PNNL

Abstract

It is important to develop a portable biosensor for simple, sensitive, selective, and quantitative analysis of 3,5,6-trichloropyridinol (TCP) because TCP is a metabolite of chlorpyrifos, one of the most widely used organophosphorus pesticides in agriculture across the world. In this article, a novel and portable fluorescent sensor that integrates immunochromatographic test strip assay (ITSA) with a quantum dot (QD) label and a test strip reader was described in this study for simple, rapid, and sensitive biomonitoring of an organophosphorus pesticide metabolite.

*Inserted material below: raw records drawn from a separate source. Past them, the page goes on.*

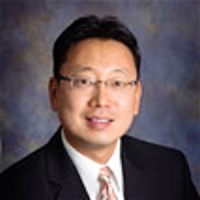 Dr. Mike S. Shin MD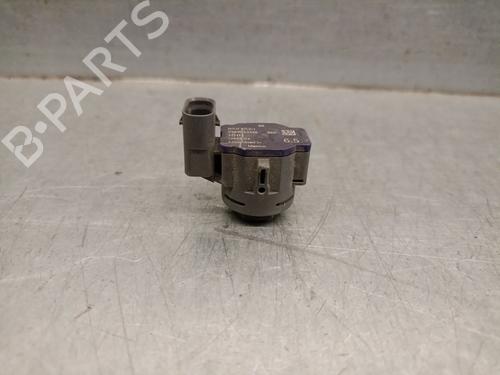 Module électronique MAZDA 3 Hatchback (BP) 2.0 SKYACTIV-G M Hybrid | BP28576463M83 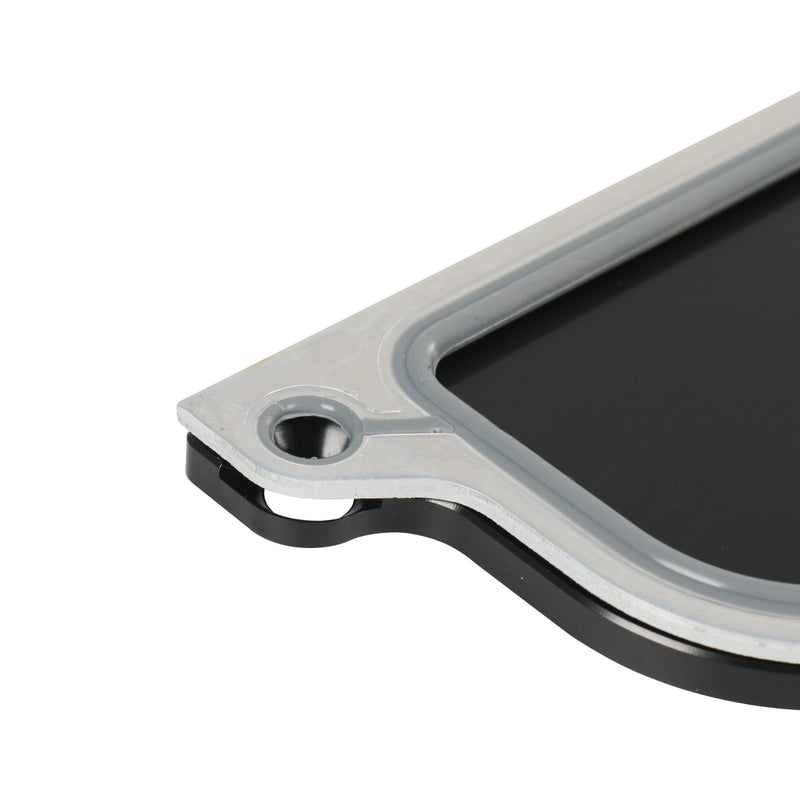 LS Gen 3 Valley Pan Cover Plate with Gasket for LSX LS1 LM7 LR4 LQ4 LS6 L59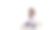 亚裔大学生随意坐在白色背景。图片下载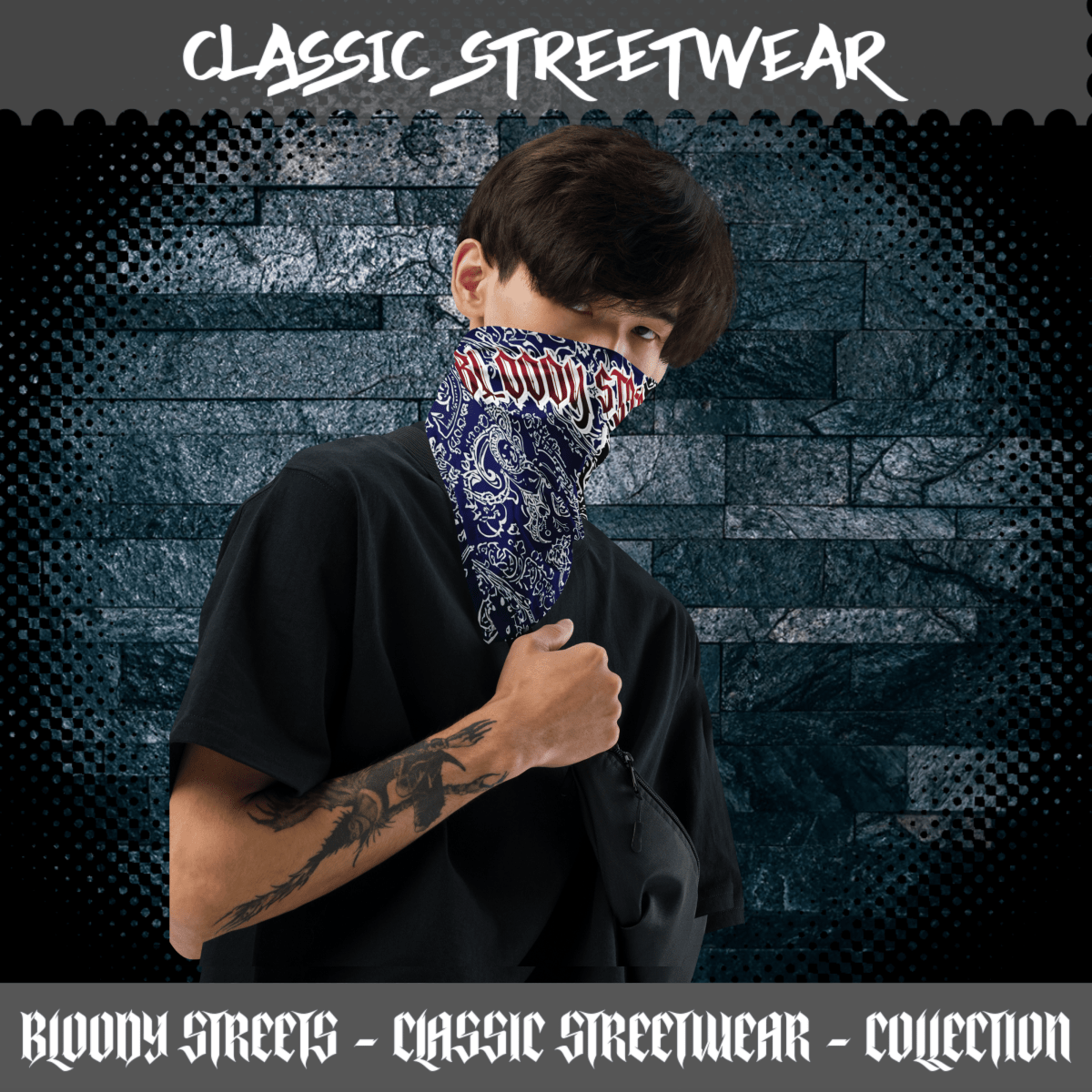 classic-bandana-blue-bloody-streets-crew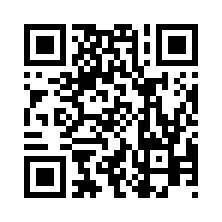 QR Code for 1AcExnpF9hG2yvK52gdNR74ERmFSucjmUt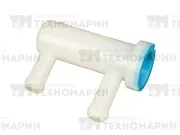 Топливный фильтр Yamaha 18-79905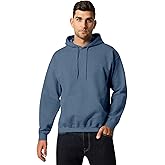 Gildan unisex-adult Fleece Hoodie Sweatshirt, Style G18500, Multipack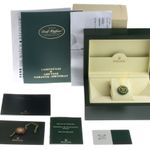 Rolex Milgauss 116400 - (2/8)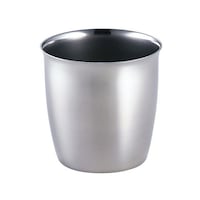 �ێR�X�e�����X�@���[�j���O�J�b�v�@�Q�O�O����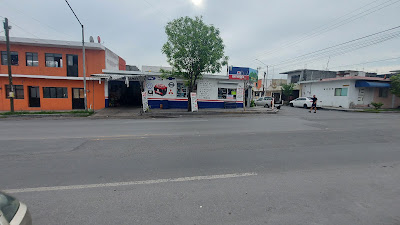 Tato Refacciones Automotrices en Guadalupe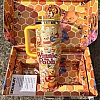 Winnie pooh stanley tumbler 40oz giftbox drinkware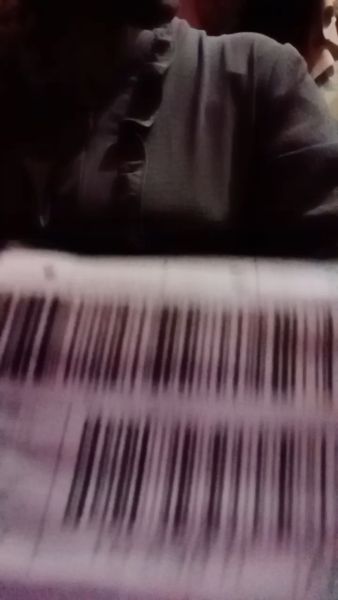 Buyer review video 3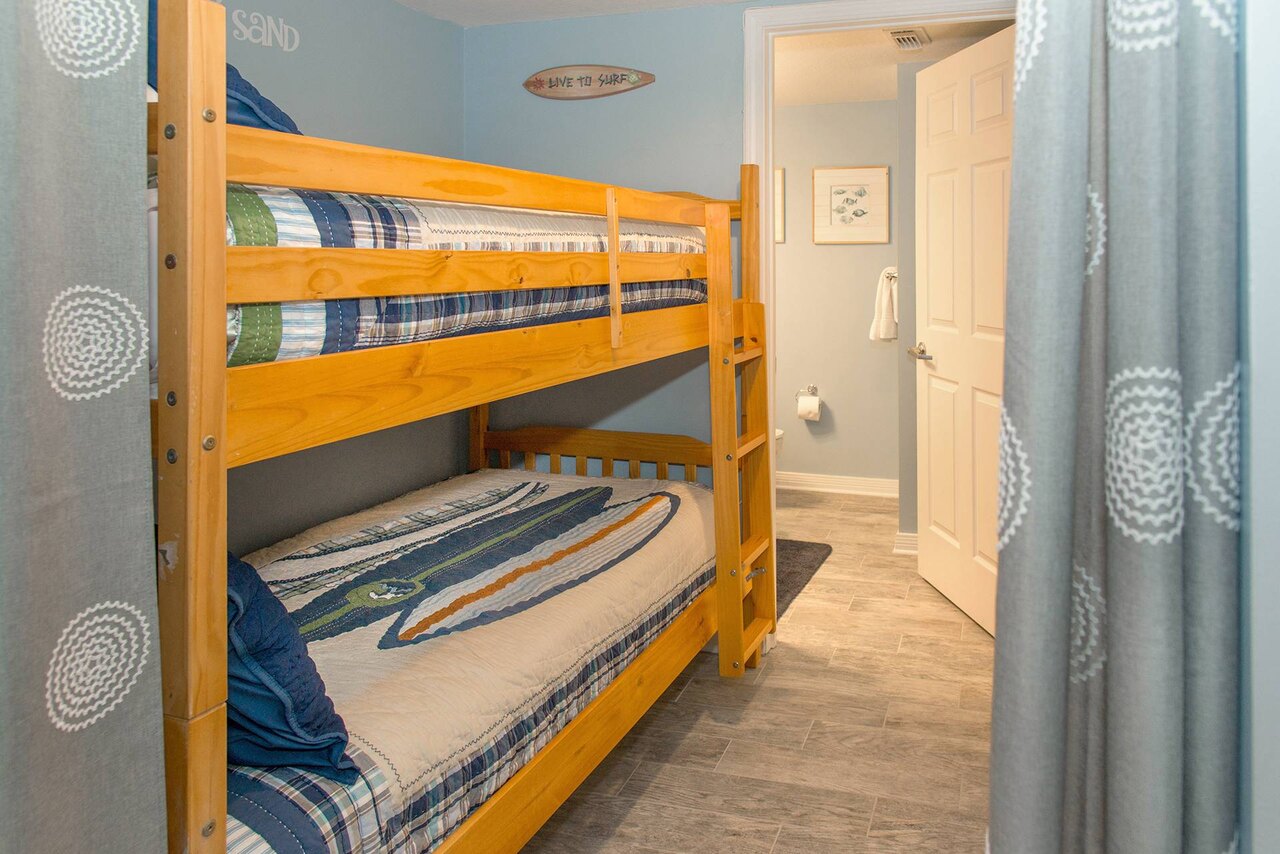 Destin West Sandpiper 408- - Image 18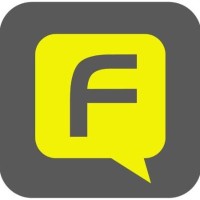 Flexmore Staffing logo - Similar company to Westin Staffing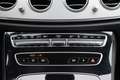 Mercedes-Benz E 300 de T KAMERA+BURMESTER+WIDESCREN+KEYLESS-GO Blau - thumbnail 12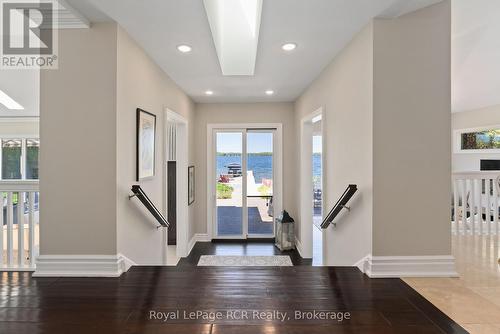 139 South Shores Road, Grey Highlands, ON 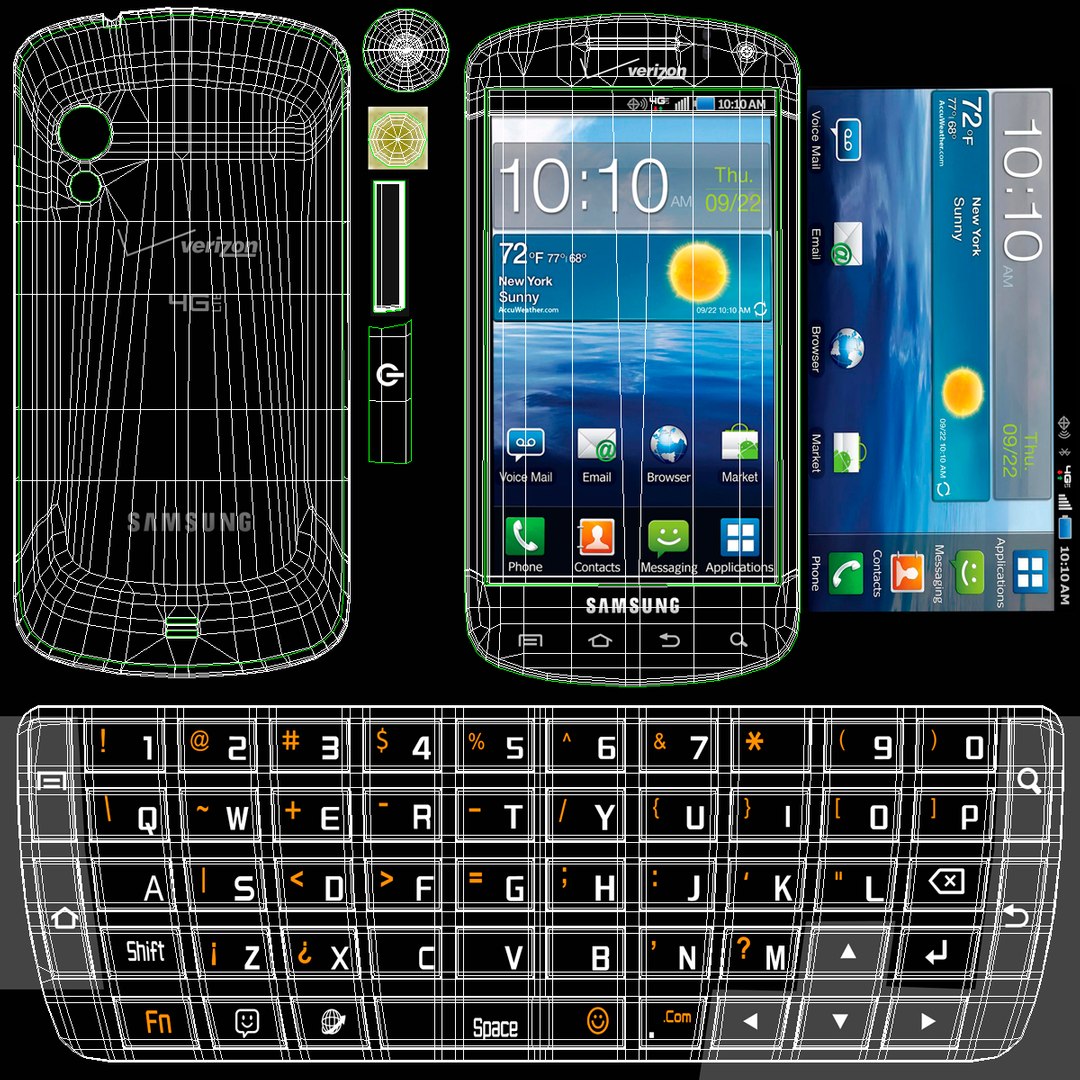 samsung stratosphere 3d model https://p.turbosquid.com/ts-thumb/6U/aynHff/8rNrtDD8/samsung_stratosphere_002/jpg/1368187583/1920x1080/fit_q87/b446da20b899f86010093d603e68b71b0e455d9d/samsung_stratosphere_002.jpg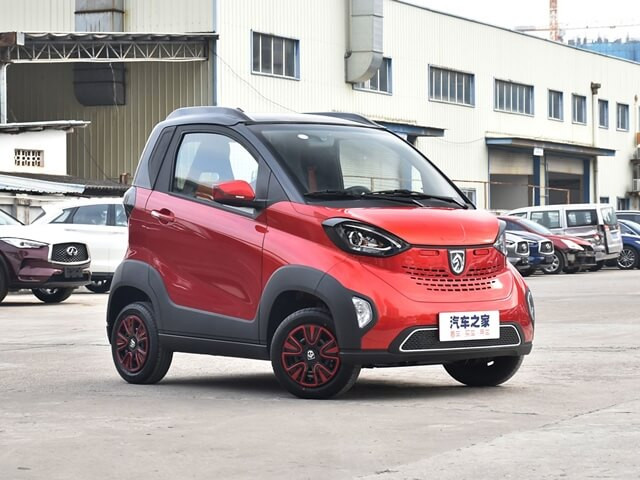 ngoai-that-xe-baojun-e100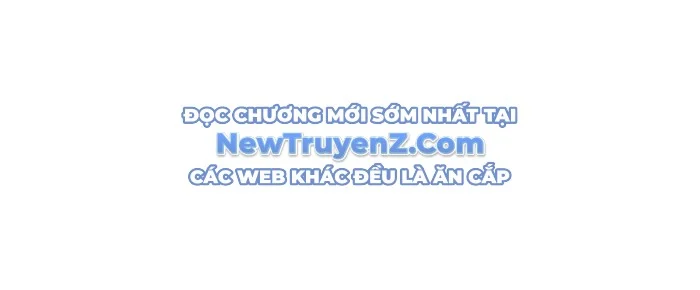 Thanh Kiếm Của Hoàng Đế Chapter 86 - Trang 3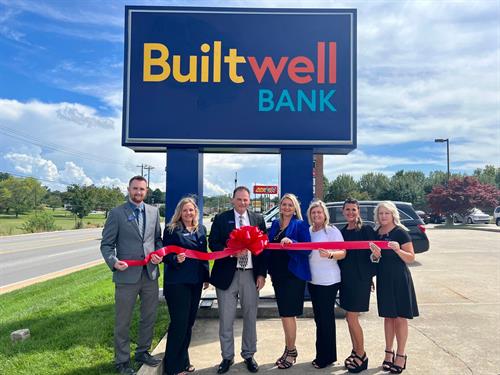 Gallery Image Builtwell_Bank_-_Cookeville.jpg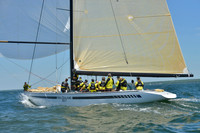 2019 NYYC Annual Regatta B_0277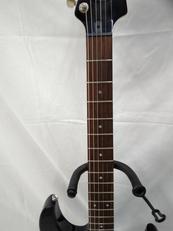 エレキギター|YAMAHA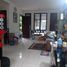 3 Habitación Casa en venta en Serpong, Banten, Serpong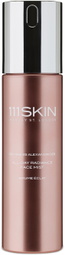 111SKIN All-Day Radiance Face Mist, 100 mL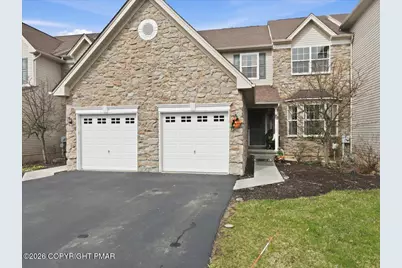  1745 Big Ridge Drive, East Stroudsburg, PA 18302 - Photo 74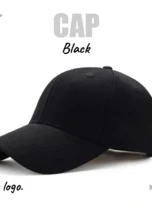 OL-HAT-02_02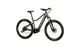 Elektrobicykle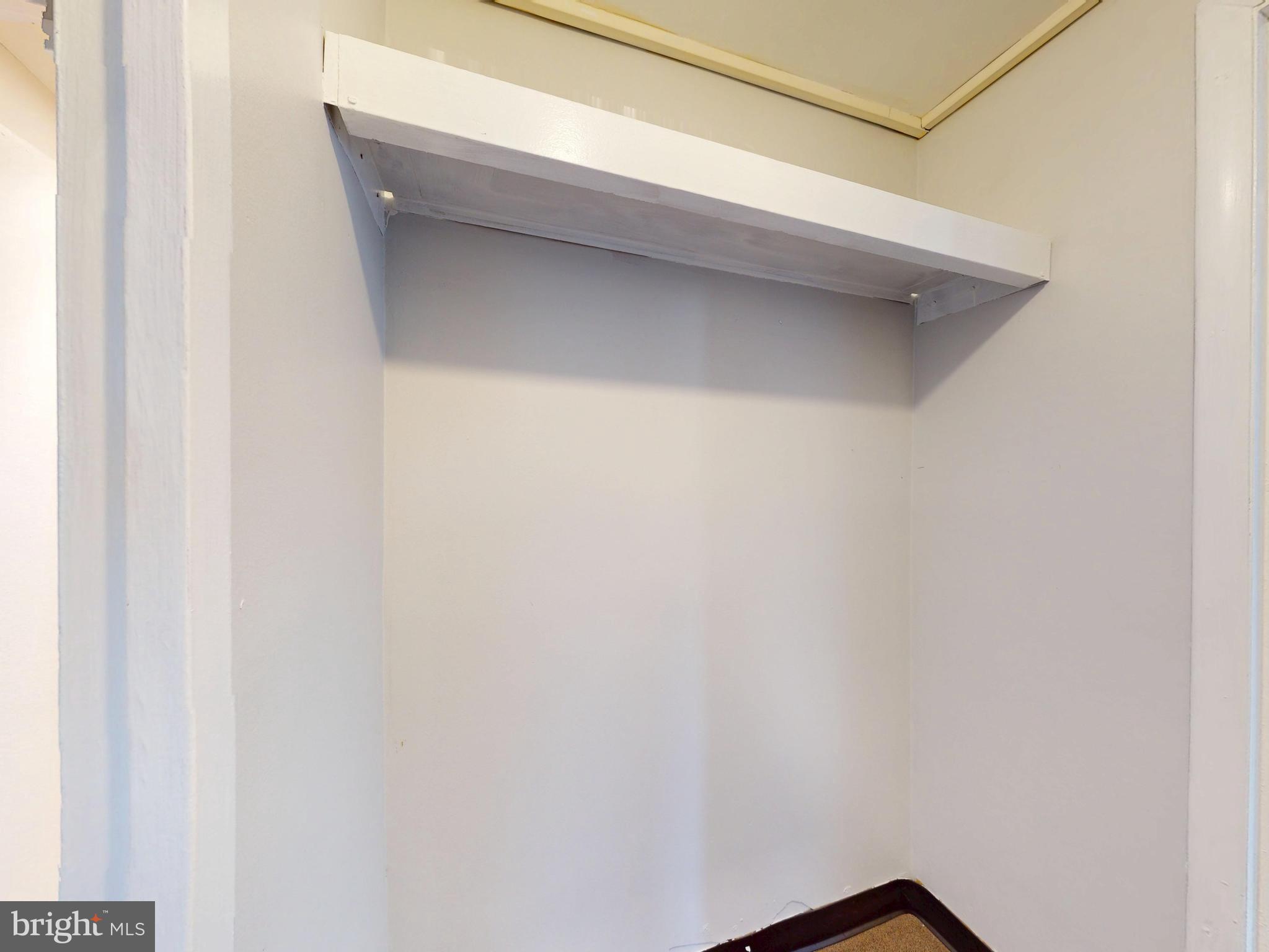 FORTY SIX HUNDRED - Residential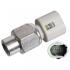 FEBI - Датчик тиску масла FEBI BILSTEIN 108848 (фото 1)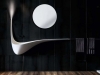 falper-wing-sink-by-ludovico-lombardi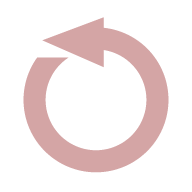 Rufni icon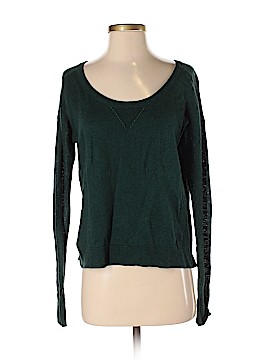 American Eagle Outfitters Size XS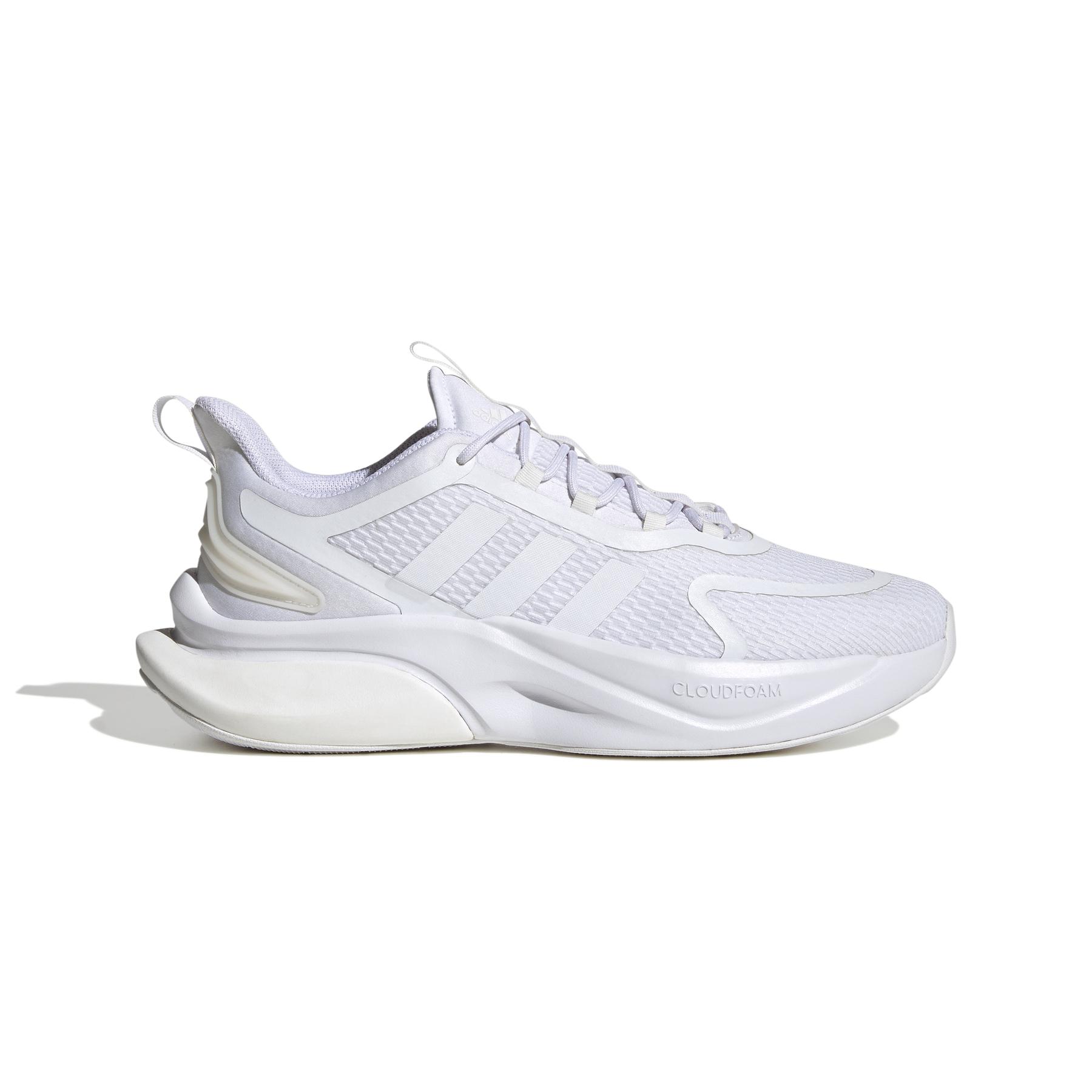 product/a/d/adidas_hp6143_1_footwear_photography_side_lateral_center_view_white.jpg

The principle of the immunosensor is based on a competitive immunoreaction that was performed on the immunochromatographic test strip where analytes compete with competitors (a QD-conjugated analog) to bind to antibodies on a test zone. Captured QDs serve as signal vehicles for fluorescent readout. QD-TCP conjugate was synthesized and characterized with XPS and fluorescence spectroscopy. Some parameters (e.g. the amount of QD modified TCP and immunoreaction time) that govern sensitivity and reproducibility of ITSA were optimized with TCP. Under optimal conditions, the sensor has a wide dynamic range and is capable of detecting a minimum 1.0 ng/mL TCP standard analyte in 15 min. The immunosensor has been successfully applied for detection of TCP spiked in rat plasma with average recovery of 102.0%. Results demonstrate that this sensor provides a rapid, clinically accurate, and quantitative tool for TCP detection and shows great promise for in-field and POC quantitative testing and screening for metabolite biomarkers, e.g. TCP, for human exposed to pesticides.